From a young boy from Gothenburg to a successful businessman operating in Cyprus, he saw how "a little money can go a long way" and help lift countless Thai youngsters out of poverty via education.
Born as the only child to a working-class family, Mr Larsson is the son of a pipe-fitter who worked in one of the largest shipyards in the city.
He finished his bachelor's degree in computer programming and was immediately employed as a programmer and IT specialist with a Swedish ball-bearing factory, where he worked for 17 years.
In 1987, he left and joined hands with his business partner to start an insurance company in Cyprus.
He worked relentlessly for the success of his business and eventually it became successful.
His insurance firm was renamed Ancoria Insurance after he acquired his partner's shares in the company.
But after he met Emorn Pathumma, a Thai woman in Sweden, his life forever changed. He later married her and was shocked, while accompanying her home, at the wide inequality gap present in Thai society.
"After many visits to Thailand, I started to realise that a little bit of money can go a very long way in this country," he said.
"It doesn't take a lot of money to get a poor kid to attend a vocational school, for instance. With just a little bit of money, you can change a youngster's life forever," he added, recalling how he was inspired to establish a charitable organisation in the country.
His journey began after he read a book by British Buddhist monk Peter Robinson.
"This guy, he wrote a book called Phra-Farang [Foreign Monk], which I bought while I was on vacation here with my wife. I read it and I was really impressed, so I went to see him at his temple in Nakhon Sawan."
Mr Larsson talked to him and learned the monk had just started a charity called the Students' Education Trust, which has since been shortened to the SET foundation.
"Phra Peter's organisation was very small. He had about 10 students that he supported. As my business was quite successful, and I had enough money for my needs, I decided I would start donating money to the children." he said.
"It started with just a few students at first. You get to know them, and then you realise what a difference a little bit of money can make. So, everything sort of grew from there," Mr Larsson said.
He began collaborating more with other organisations over the years and then founded the Sievert Larsson Scholarship Foundation (SLSF) in 2007.
Its primary aim is to support youngsters whose families are in dire straits financially but who also showed great potential and were committed to making the most of the educational opportunities available to them.
As the SLSF was registered overseas, it faced many obstacles in managing its charity work in Thailand.
As a result, Mr Larsson set up the Create Your Future Foundation (CYF) here two years ago to administer SLSF's activities in the Kingdom.
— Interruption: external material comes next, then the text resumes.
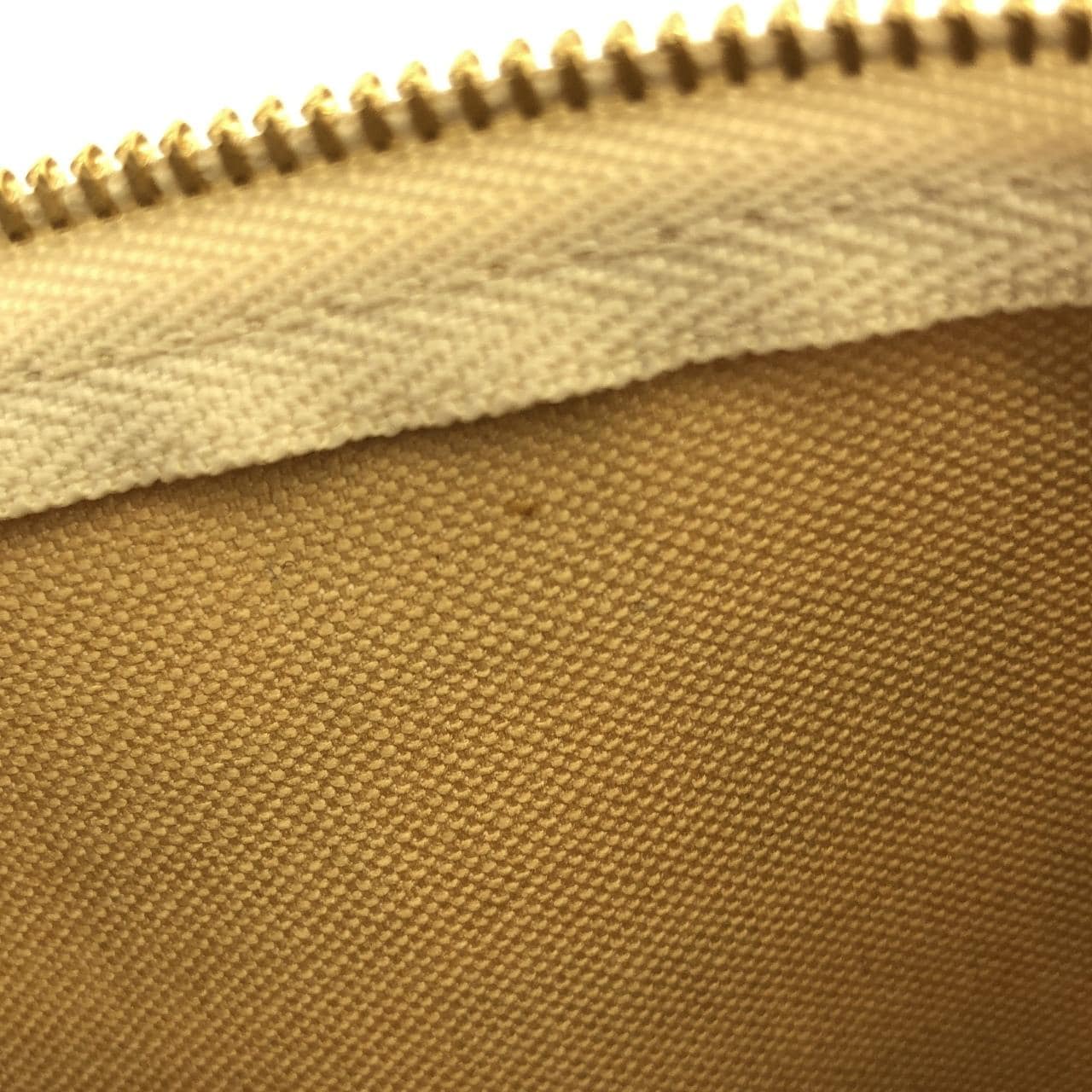 ルイヴィトン ダミエ アズール ミニ ポシェット アクセソワール N58010 アクセサリーポーチ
Currently, the CYF has more than seven partner organisations and has helped more than 3,000 youngsters win scholarships and avail themselves of other forms of higher education they never thought would be possible.
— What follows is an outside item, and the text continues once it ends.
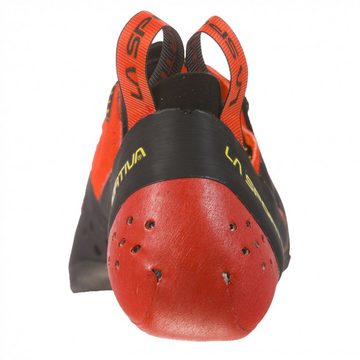 La Sportiva La Sportiva Testarossa Kletterschuh Kletterschuh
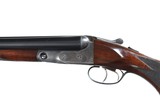 Sold Parker Bros. VHE SxS Shotgun 12ga - 9 of 19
"I'm not really a big spender. I can make do with a Honda. I don't have to drive a Rolls-Royce or a Lamborghini," he said.
"As long as my company still generates a profit, everything will be donated to the foundation and, hopefully, the foundation will be able to strengthen its support for children and increase the number of scholarships they are offered," he added.
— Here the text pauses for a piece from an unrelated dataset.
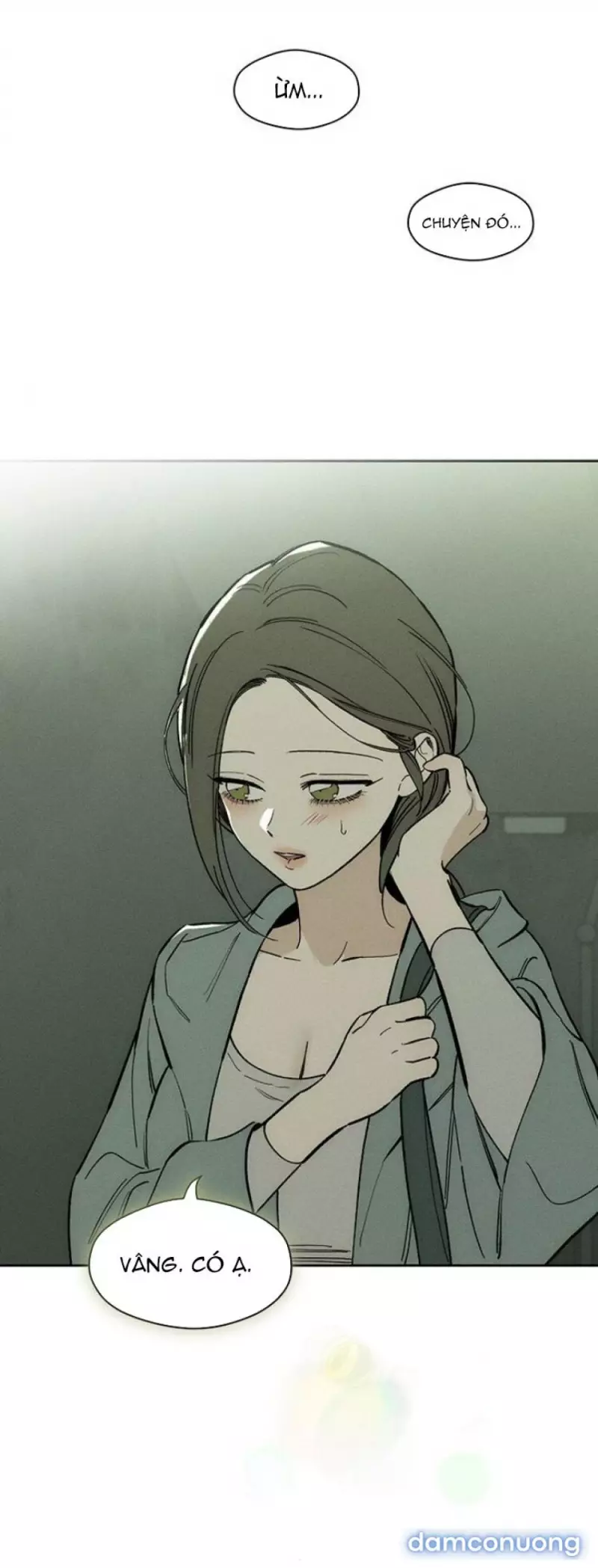 [18+] Nước Mắt Trên Đóa Hoa Tàn Chapter 72 - Trang 2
Asked why he chose to focus on education, he said it's because education is the foundation on which people can build their own lives.
"You have many years to study when you're young. You can study until you're 23, but you can't when you're 25, by then it's kind of too late," he said.
"So you have this window of opportunity, and if you lose that, it's lost forever. But if you get that opportunity, whatever you learn stays with you for the rest of your life," he added.
"Education is something that no one can ever take away from you."